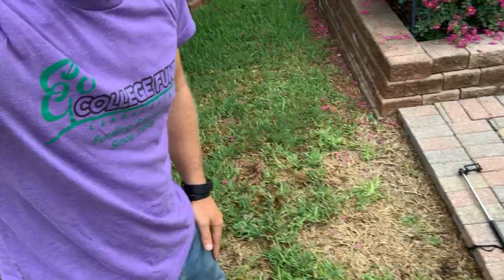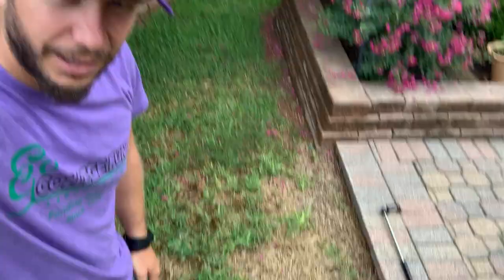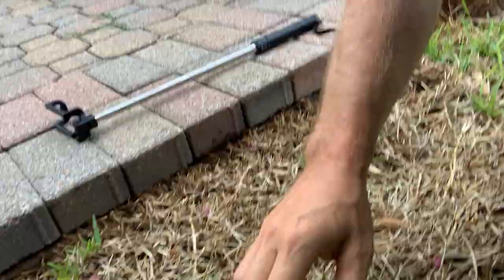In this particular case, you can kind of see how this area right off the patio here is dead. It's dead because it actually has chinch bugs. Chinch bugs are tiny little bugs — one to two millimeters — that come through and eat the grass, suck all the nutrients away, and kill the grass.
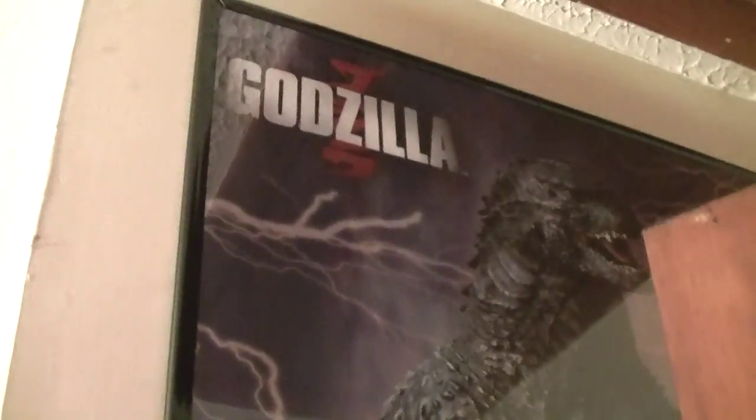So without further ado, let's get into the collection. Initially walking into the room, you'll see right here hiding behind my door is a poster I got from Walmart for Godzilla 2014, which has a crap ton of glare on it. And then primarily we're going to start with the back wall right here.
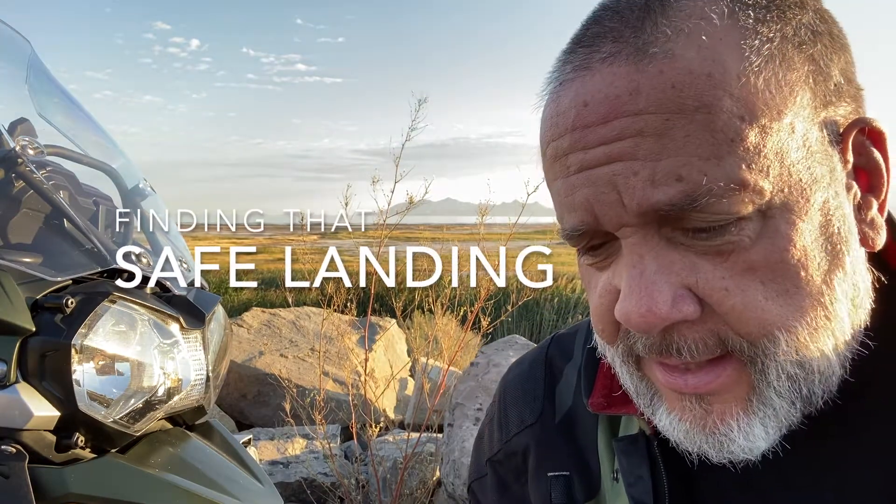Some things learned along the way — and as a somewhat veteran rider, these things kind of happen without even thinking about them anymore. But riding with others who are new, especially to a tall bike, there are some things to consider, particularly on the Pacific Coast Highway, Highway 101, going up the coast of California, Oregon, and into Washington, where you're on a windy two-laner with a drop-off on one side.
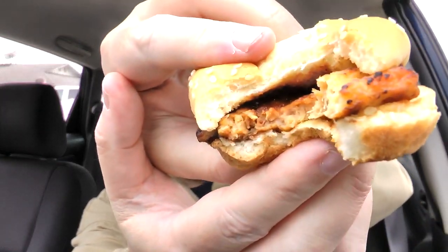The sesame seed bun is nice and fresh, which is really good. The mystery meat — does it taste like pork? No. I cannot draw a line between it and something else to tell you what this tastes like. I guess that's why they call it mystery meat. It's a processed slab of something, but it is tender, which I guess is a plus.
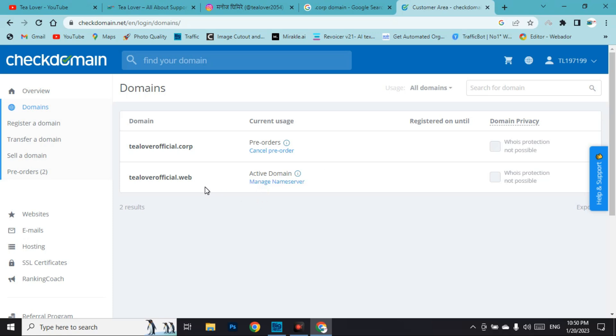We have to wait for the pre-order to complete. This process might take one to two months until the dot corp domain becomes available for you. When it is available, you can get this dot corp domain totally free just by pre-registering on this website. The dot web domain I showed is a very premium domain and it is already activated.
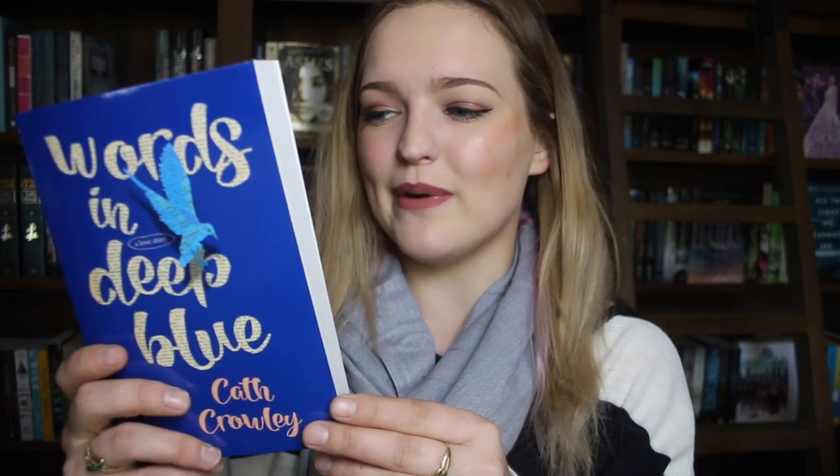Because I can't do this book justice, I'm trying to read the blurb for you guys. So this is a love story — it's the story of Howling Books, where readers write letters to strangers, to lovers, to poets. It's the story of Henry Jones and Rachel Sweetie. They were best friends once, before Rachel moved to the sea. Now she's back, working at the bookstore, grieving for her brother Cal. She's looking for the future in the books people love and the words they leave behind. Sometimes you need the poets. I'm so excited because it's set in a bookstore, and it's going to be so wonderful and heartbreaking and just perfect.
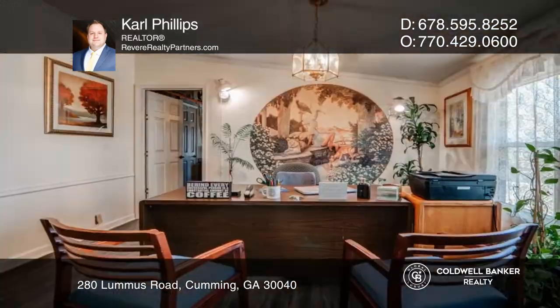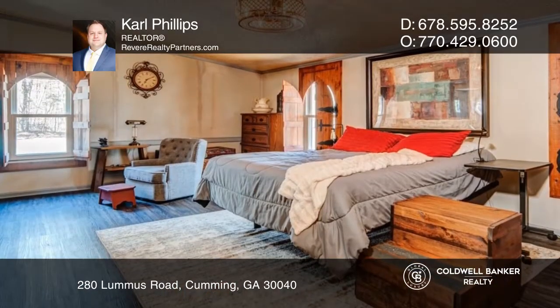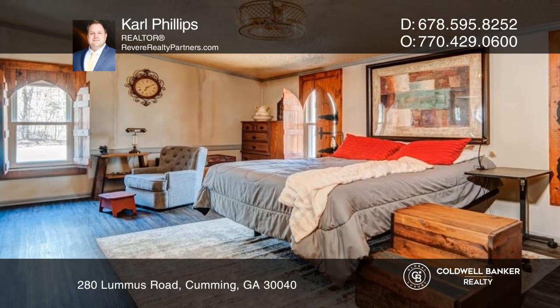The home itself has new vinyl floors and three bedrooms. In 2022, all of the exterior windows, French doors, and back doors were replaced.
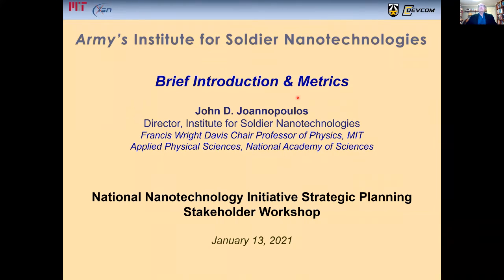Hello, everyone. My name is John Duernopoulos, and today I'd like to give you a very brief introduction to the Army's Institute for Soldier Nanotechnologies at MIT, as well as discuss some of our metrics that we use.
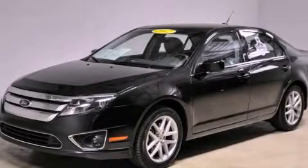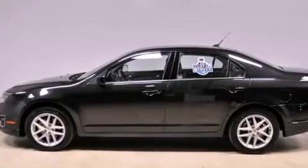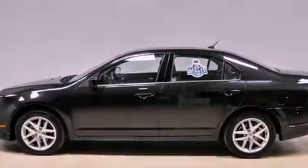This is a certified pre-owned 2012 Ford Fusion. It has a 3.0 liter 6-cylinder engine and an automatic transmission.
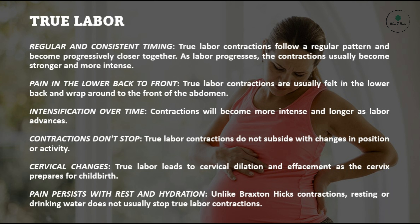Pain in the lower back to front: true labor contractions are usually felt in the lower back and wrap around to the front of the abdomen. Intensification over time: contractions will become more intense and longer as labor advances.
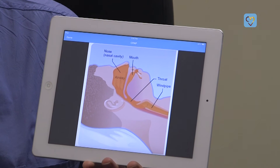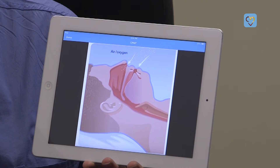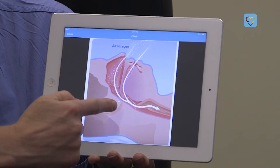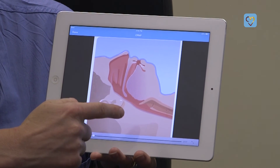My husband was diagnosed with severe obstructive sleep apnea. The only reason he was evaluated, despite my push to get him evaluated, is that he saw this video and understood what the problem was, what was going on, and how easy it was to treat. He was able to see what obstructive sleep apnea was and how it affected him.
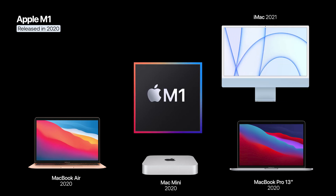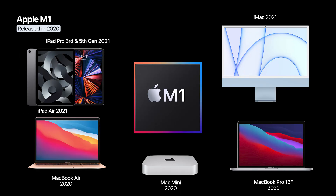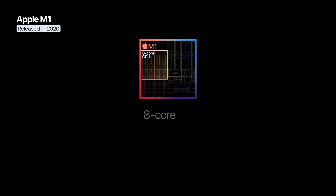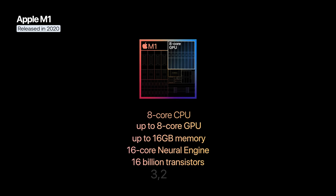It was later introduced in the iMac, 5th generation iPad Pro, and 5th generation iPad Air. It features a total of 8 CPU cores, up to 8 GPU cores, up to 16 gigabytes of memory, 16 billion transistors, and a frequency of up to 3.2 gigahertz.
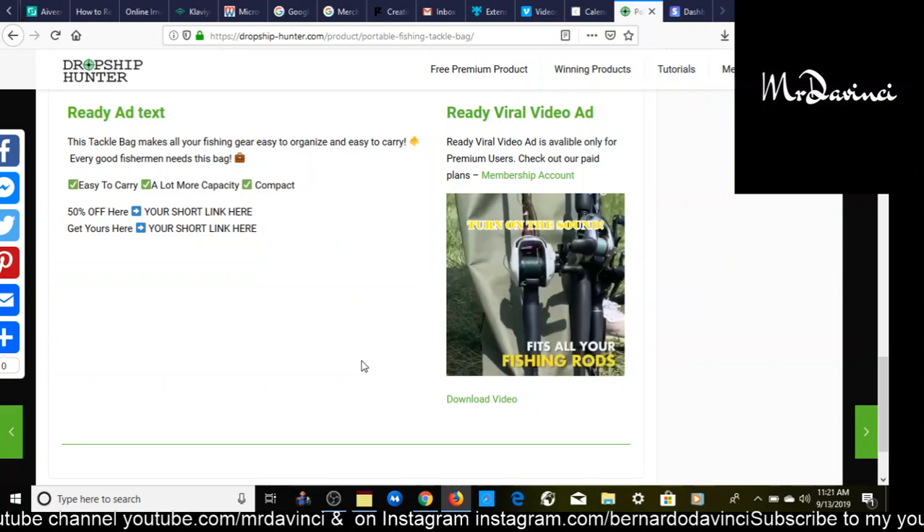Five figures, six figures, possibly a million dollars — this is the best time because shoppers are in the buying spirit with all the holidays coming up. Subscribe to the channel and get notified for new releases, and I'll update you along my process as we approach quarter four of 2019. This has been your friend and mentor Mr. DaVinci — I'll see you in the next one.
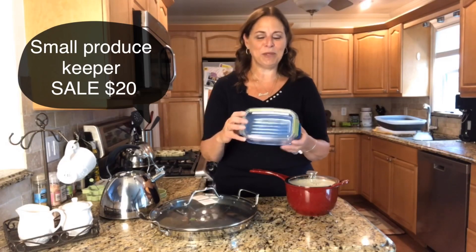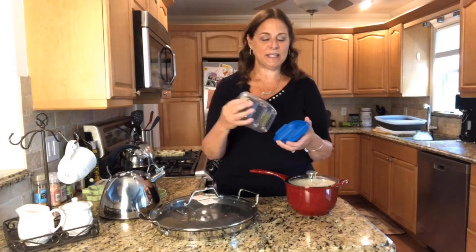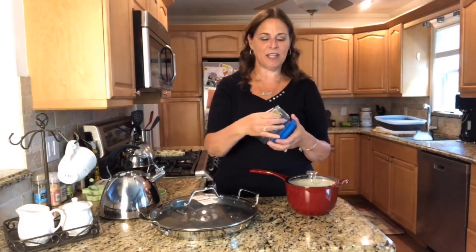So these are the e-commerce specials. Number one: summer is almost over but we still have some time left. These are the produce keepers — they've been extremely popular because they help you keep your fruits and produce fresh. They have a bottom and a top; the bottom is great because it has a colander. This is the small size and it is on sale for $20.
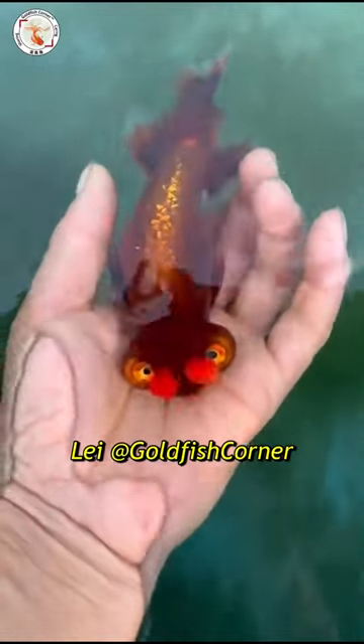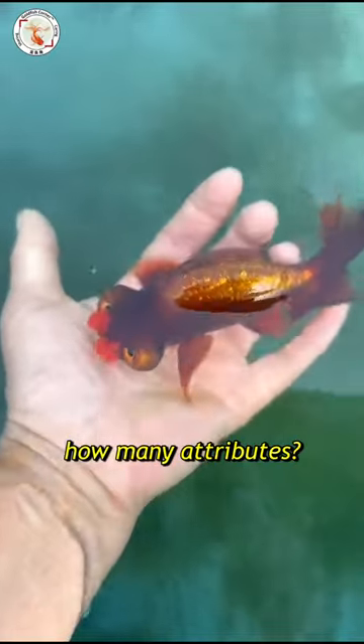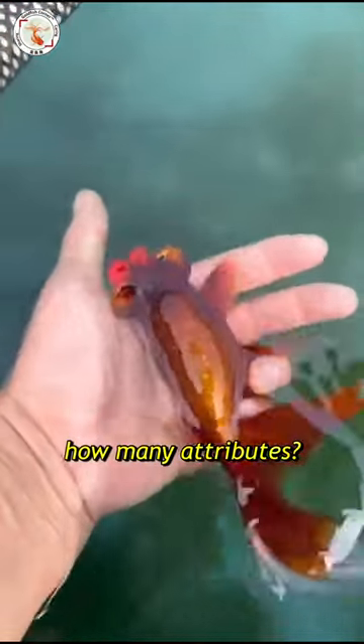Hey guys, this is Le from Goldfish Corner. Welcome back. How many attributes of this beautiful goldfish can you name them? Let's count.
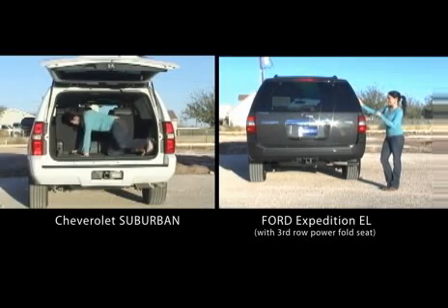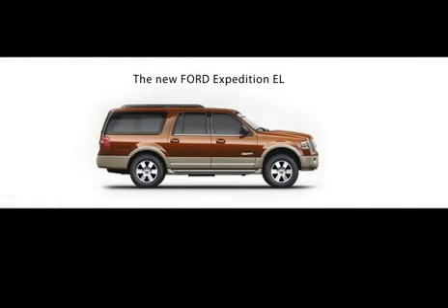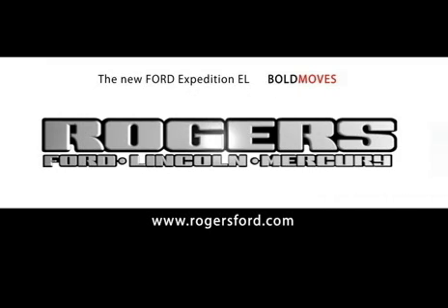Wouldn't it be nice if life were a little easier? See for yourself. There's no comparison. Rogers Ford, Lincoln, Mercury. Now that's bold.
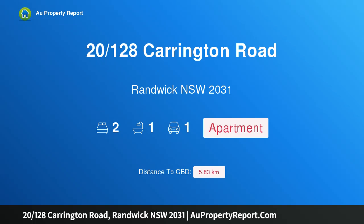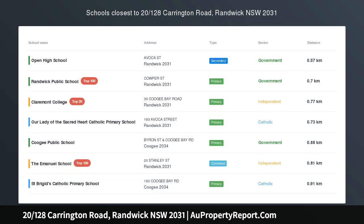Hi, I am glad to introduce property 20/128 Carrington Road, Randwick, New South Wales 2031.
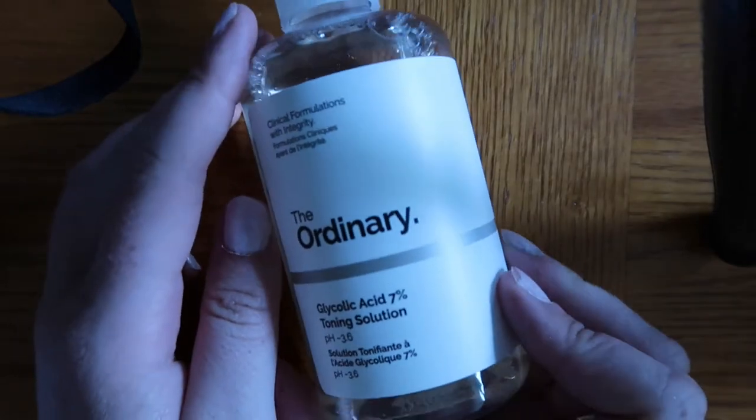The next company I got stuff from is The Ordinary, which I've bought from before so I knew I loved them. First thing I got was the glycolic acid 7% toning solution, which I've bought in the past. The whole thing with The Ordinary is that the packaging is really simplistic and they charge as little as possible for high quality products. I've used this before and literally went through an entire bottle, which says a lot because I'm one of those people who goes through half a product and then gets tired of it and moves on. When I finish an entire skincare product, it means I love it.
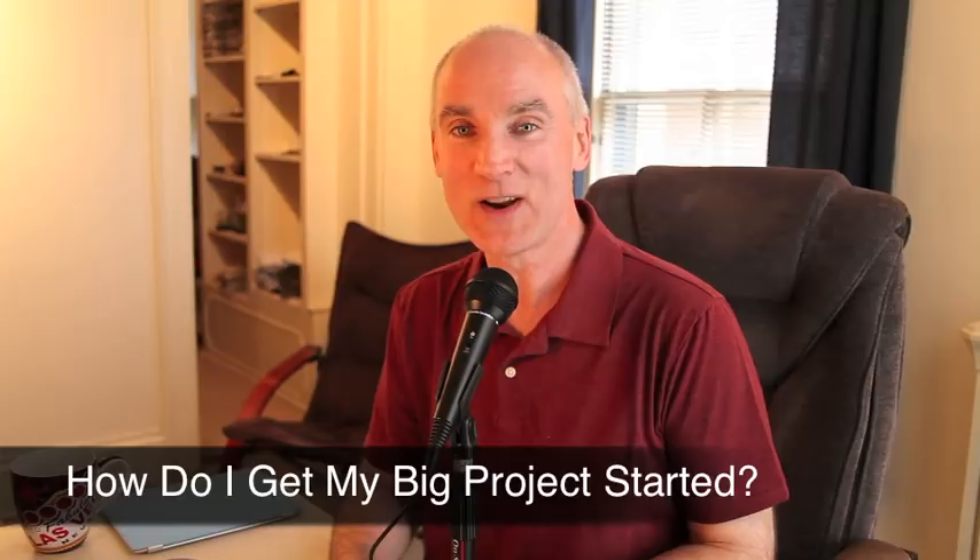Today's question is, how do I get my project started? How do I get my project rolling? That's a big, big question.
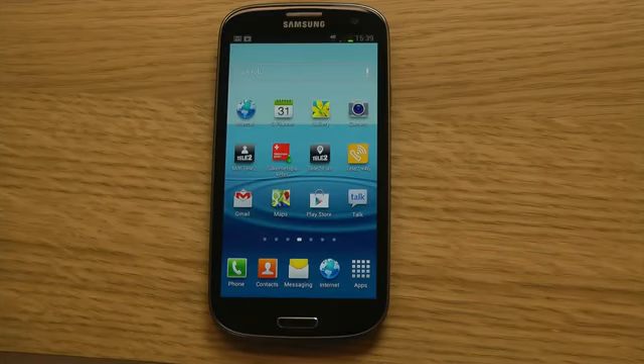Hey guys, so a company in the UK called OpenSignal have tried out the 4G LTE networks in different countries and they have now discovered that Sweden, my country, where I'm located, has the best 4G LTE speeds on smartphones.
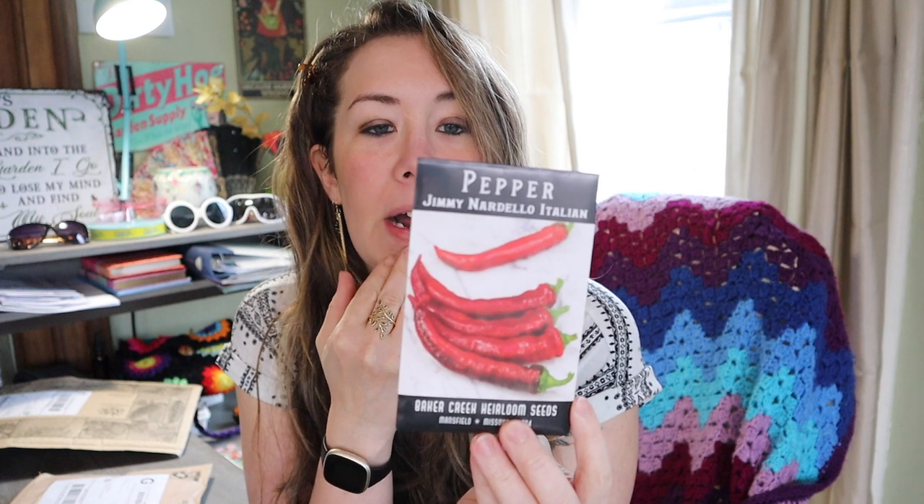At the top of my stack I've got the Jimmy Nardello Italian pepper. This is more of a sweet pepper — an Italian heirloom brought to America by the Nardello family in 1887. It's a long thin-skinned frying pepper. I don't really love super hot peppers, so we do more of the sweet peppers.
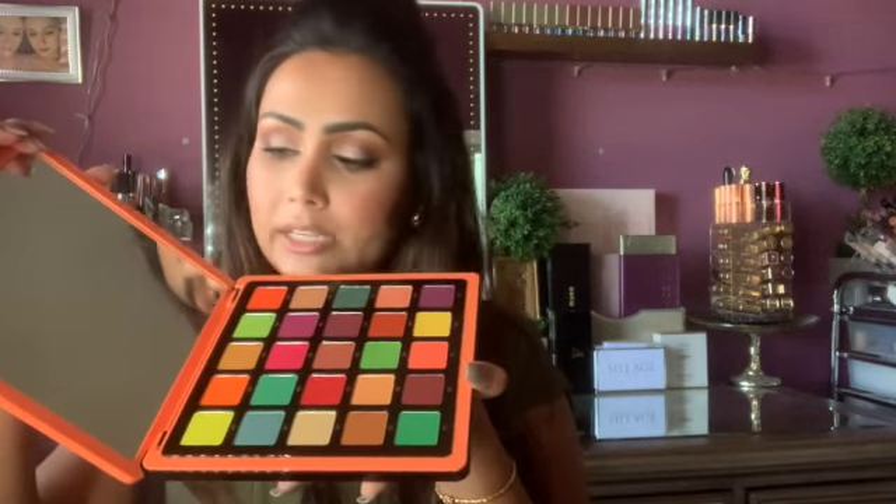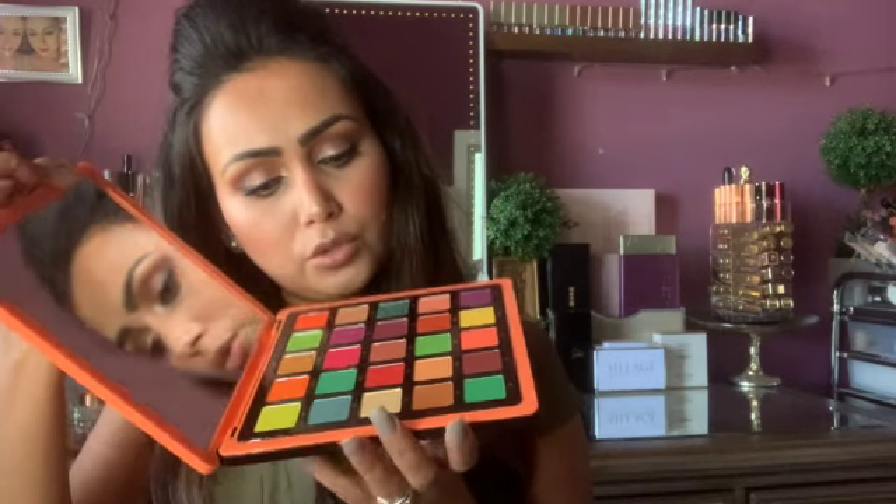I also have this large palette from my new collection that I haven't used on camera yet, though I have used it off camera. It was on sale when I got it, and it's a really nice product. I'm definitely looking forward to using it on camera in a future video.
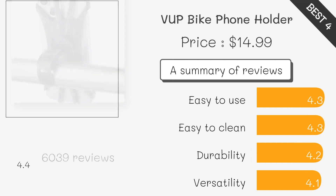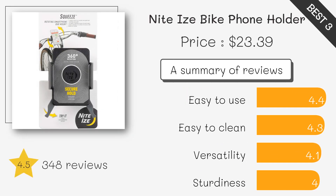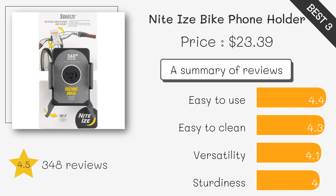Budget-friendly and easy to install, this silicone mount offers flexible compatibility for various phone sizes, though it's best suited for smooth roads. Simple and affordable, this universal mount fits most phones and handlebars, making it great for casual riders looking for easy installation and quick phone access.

=======

- WHAT THIS TASK INVOLVES: In the records above, locate the line containing "The next company", then copy exactly that line and every line after it through the end, omitting pictures.

- EXERCISE RESULT:
The next company I got stuff from is The Ordinary, which I've bought from before so I knew I loved them. First thing I got was the glycolic acid 7% toning solution, which I've bought in the past. The whole thing with The Ordinary is that the packaging is really simplistic and they charge as little as possible for high quality products. I've used this before and literally went through an entire bottle, which says a lot because I'm one of those people who goes through half a product and then gets tired of it and moves on. When I finish an entire skincare product, it means I love it.
Today's question is, how do I get my project started? How do I get my project rolling? That's a big, big question.
Hey guys, so a company in the UK called OpenSignal have tried out the 4G LTE networks in different countries and they have now discovered that Sweden, my country, where I'm located, has the best 4G LTE speeds on smartphones.
At the top of my stack I've got the Jimmy Nardello Italian pepper. This is more of a sweet pepper — an Italian heirloom brought to America by the Nardello family in 1887. It's a long thin-skinned frying pepper. I don't really love super hot peppers, so we do more of the sweet peppers.
I also have this large palette from my new collection that I haven't used on camera yet, though I have used it off camera. It was on sale when I got it, and it's a really nice product. I'm definitely looking forward to using it on camera in a future video.
Budget-friendly and easy to install, this silicone mount offers flexible compatibility for various phone sizes, though it's best suited for smooth roads. Simple and affordable, this universal mount fits most phones and handlebars, making it great for casual riders looking for easy installation and quick phone access.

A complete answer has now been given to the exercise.